Synopses & Reviews
Synopsis
So many organizations and individuals are obsessed with winning. But how do you win a game that never really ends? There is no such thing, for example, as "winning" business. Simon Sinek's Start With Why and Leaders Eat Last have helped millions of readers see the hidden rules that govern our behavior. Now The Infinite Game picks up where those books left off, challenging us to rethink our perspective on how organizations really work. This time Sinek explores a deceptively simple question: How do you stay ahead in a game with no end?
Games like basketball and chess are finite, with firm rules and clear endpoints. But business, for example, is infinite -- there's ultimately no such thing as "winning" because there's always a new set of challenges. Those who thrive in the long run are those who play by infinite rules. They do things that enable them to out-maneuver, out-innovate, and outlast their competitors.
Trying to play an infinite game with a finite mindset can be catastrophic. During the Vietnam War, for instance, America won nearly every battle and killed many more enemy troops but still lost the war. The metrics by which they kept score ultimately didn't matter. The North Vietnamese were willing to endure any hardship for as long as it took to force the Americans to give up. The North Vietnamese played the Infinite Game.
Through a wide range of examples, Sinek explores how infinite players in any field can exhaust their competitors, stay ahead for the long run, and create strong organizations, built to weather nearly any storm. Great leaders instinctively play the infinite game rather than chase short-term gains. Now the rest of us can understand how they do it.
Synopsis
From the New York Times bestselling author of Start With Why and Leaders Eat Last, a bold framework for leadership in today's ever-changing world.
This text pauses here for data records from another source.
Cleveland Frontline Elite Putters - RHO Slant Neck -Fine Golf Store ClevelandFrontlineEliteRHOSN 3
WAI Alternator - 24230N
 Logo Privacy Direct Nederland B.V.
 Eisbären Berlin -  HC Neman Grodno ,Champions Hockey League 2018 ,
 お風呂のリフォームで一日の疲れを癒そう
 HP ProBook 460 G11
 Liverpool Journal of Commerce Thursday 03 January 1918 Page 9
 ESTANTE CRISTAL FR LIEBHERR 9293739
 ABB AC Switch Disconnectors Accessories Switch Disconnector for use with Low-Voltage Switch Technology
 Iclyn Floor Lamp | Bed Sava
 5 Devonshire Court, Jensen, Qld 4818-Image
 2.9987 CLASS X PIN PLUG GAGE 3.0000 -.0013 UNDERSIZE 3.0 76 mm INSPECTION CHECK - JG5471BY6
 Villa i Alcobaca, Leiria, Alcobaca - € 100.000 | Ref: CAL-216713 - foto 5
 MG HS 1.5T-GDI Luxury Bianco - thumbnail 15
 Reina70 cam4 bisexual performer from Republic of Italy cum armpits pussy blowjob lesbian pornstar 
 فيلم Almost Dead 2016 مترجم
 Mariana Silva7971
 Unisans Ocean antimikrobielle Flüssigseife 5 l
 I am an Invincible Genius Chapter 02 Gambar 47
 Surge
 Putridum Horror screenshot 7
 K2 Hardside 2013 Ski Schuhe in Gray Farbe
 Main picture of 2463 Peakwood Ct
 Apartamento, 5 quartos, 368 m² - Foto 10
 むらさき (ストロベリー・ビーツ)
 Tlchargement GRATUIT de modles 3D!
How do we win a game that has no end? Finite games, like football or chess, have known players, fixed rules and a clear endpoint. The winners and losers are easily identified. Infinite games, games with no finish line, like business or politics, or life itself, have players who come and go. The rules of an infinite game are changeable while infinite games have no defined endpoint. There are no winners or losers--only ahead and behind.
The question is, how do we play to succeed in the game we're in?
In this revelatory book, Simon Sinek offers a framework for leading with an infinite mindset. On one hand, none of us can resist the fleeting thrills of a promotion earned or a tournament won, yet these rewards fade quickly. In pursuit of a Just Cause, we will commit to a vision of a future world so appealing that we will build it week after week, month after month, year after year. Although we do not know the exact form this world will take, working toward it gives our work and our life meaning.
Leaders who embrace an infinite mindset build stronger, more innovative, more inspiring organizations. Ultimately, they are the ones who lead us into the future.